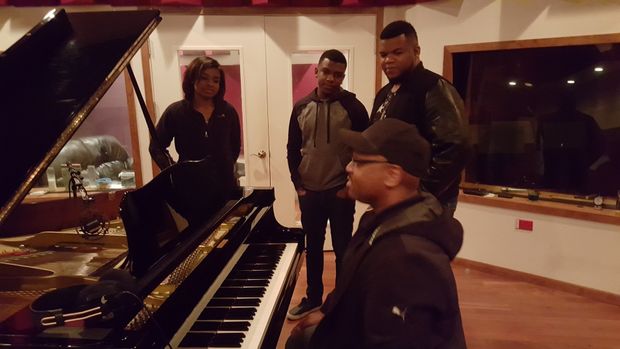 Voices of Glory practicing in a large room with a grand piano.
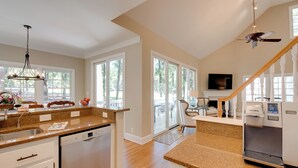 A spacious kitchen with granite countertops, a dishwasher, and a built-in oven. There is a large window providing natural light and a view of the outdoors. - Stunning Lake Oconee Retreat w/ Pool Access! (Eatonton)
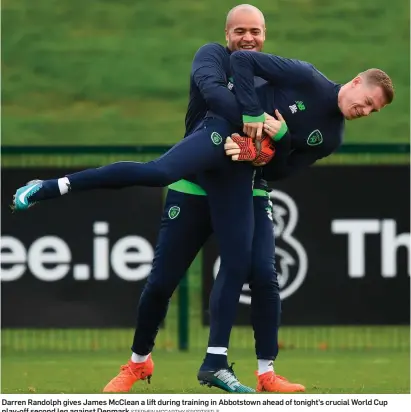  ?? STEPHEN MCCARTHY/SPORTSFILE ?? Darren Randolph gives James McClean a lift during training in Abbotstown ahead of tonight’s crucial World Cup play-off second leg against Denmark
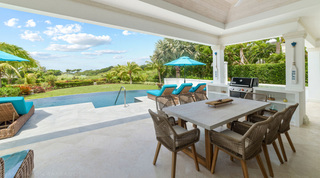 Covered terrace with dining table for eight and barbecue at Bella Vista, Barbados villa rental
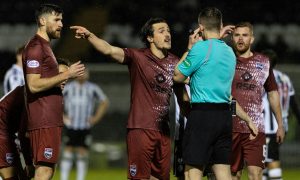 Ross County's James Brown protests following St Mirren's opening goal. Image: SNS
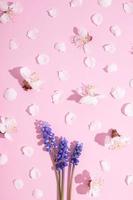 Pattern with delicate petals of plum and muscari flowers on a pink background. Spring vertical creative background photo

▬▬▬▬▬▬▬▬▬▬

## Exercise brief
Everything in the records must be returned exactly, except the pictures.

## Response below
 Voices of Glory practicing in a large room with a grand piano.
 A spacious kitchen with granite countertops, a dishwasher, and a built-in oven. There is a large window providing natural light and a view of the outdoors. - Stunning Lake Oconee Retreat w/ Pool Access! (Eatonton)
  ?? STEPHEN MCCARTHY/SPORTSFILE ?? Darren Randolph gives James McClean a lift during training in Abbotstown ahead of tonight’s crucial World Cup play-off second leg against Denmark
 Covered terrace with dining table for eight and barbecue at Bella Vista, Barbados villa rental
 Ross County's James Brown protests following St Mirren's opening goal. Image: SNS
 Pattern with delicate petals of plum and muscari flowers on a pink background. Spring vertical creative background photo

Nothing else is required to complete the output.